Com 37 anos, o jogador é uma presença constante na seleção belga desde 2010, tendo feito parte da geração dourada da década de 2010. Agora, chega a este Mundial como o elemento mais veterano dos Diabos Vermelhos, um atleta experiente que já passou por diversos cantos do mundo.
O entusiasmo pelo torneio não se desvaneceu desde a sua estreia em 2014, e o médio defensivo espera abordar esta edição com a mesma energia que teve no Brasil há 12 anos.
Numa conversa com o Flashscore antes do evento, afirmou: “Vou viver este como se fosse o primeiro, porque será o último".
"Vou fazer de tudo para aproveitar cada instante. Não me refiro apenas aos jogos, mas também aos treinos, ao convívio com os colegas de equipa no hotel durante, pelo menos, quatro semanas".
Com 138 internacionalizações, Witsel já passou por todas as fases com a Bélgica. Desde o quase sonho em 2018, quando alcançaram o terceiro lugar, até à amarga eliminação na fase de grupos há quatro anos, tem sido uma autêntica montanha russa para um jogador e uma equipa que nunca concretizaram todo o seu potencial.
Sob a liderança de Rudi Garcia neste torneio, esta é a derradeira oportunidade para nomes como Witsel, Thomas Meunier, Thibaut Courtois, Kevin De Bruyne e Romelu Lukaku saborearem o sucesso pela Bélgica.
Os mais novos, como Jeremy Doku e Charles De Ketelaere, trarão dinamismo a este grupo experiente, e Witsel acredita que ainda pode contribuir muito neste Mundial.
“Penso que é importante haver equilíbrio e uma boa mistura entre a nova geração e, diria, a mais velha. Acho que é mesmo essencial um bom ambiente, e por isso agora estou eu, mas também o Lukaku, o Kevin De Bruyne, e o Courtois já começa a ficar um pouco mais velho", acrescentou.

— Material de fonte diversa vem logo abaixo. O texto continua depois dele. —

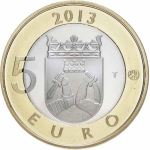 Finnland 5 Euro Provinz Karelia - Imatra Wasserkraftwerk...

“Não sou o único, mas estamos aqui para tornar a vida mais fácil aos mais novos, e acho que para o Mundial é sempre bom ter alguma experiência extra".
Nos Mundiais e Europeus anteriores, a Bélgica chegou perto de uma final, mas nunca atingiu o jogo decisivo.

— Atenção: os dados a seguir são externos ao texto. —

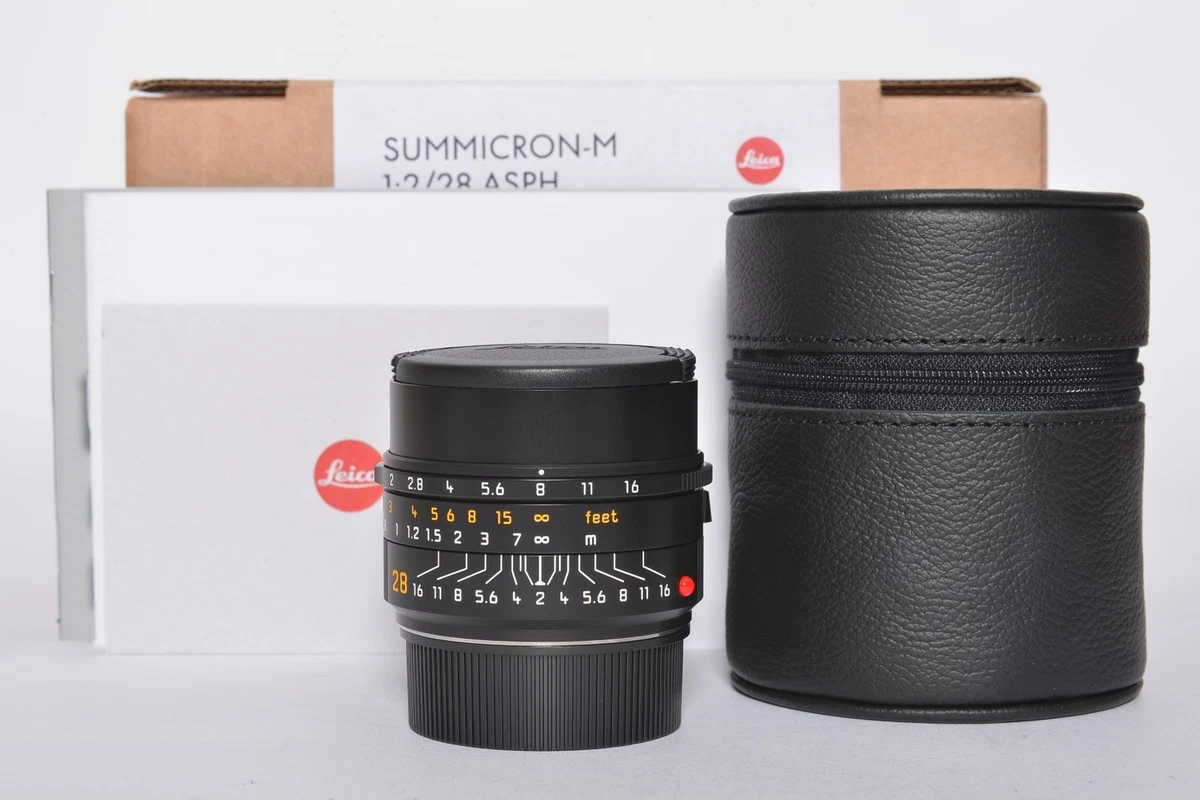 Leica SUMMICRON-M 28mm Focal f/2 Camera Lenses for sale | eBay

Em 2018, foram derrotados pelos futuros campeões, a França, nas meias finais por 1-0, enquanto noutras ocasiões vacilaram, como na derrota frente ao País de Gales em 2016 no Europeu conquistado por Portugal.

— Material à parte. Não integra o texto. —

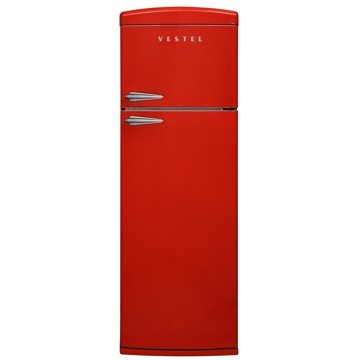 Vestel RS455TF 313L, A+, Semidry, Refrigerator, Retro Red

Witsel esteve presente nesses dois momentos dolorosos e, ao entrar neste torneio, ainda sente algum pesar por 2018. Recordando a década anterior, o jogador do Girona afirmou: “Acho que com a geração que tivemos, fizemos coisas incríveis".
"Em 2018, ficámos em 3.º lugar. Para nós, foi realmente fantástico na altura. Ninguém esperava que a Bélgica chegasse tão longe, mas pode ficar aquela sensação de que talvez pudéssemos ter feito algo diferente ou um pouco melhor".
“Quando chegámos à meia final, tudo podia acontecer. Hoje, talvez seja diferente. Temos de ser honestos connosco. Na minha opinião, há países mais fortes do que nós, como a França, por exemplo", reconheceu o antigo jogador do Benfica.
“Eles são mesmo uma equipa muito, muito forte. Depois temos a Espanha e também a Argentina, por isso hoje estamos noutro nível. Em todos os Mundiais há surpresas, uma equipa que vai muito longe, como aconteceu na última edição, no Catar, com Marrocos, por exemplo", continuou.
Se a Bélgica quiser surpreender nas Américas, os mais experientes terão de estar ao seu melhor nível. Grande parte dessa responsabilidade recairá sobre o recentemente recuperado Lukaku e De Bruyne, enquanto Courtois será fundamental entre os postes.
O sol pode estar a pôr-se sobre a "Geração Dourada" da Bélgica, mas Witsel e companhia esperam ainda ter mais uma história para contar a 19 de julho.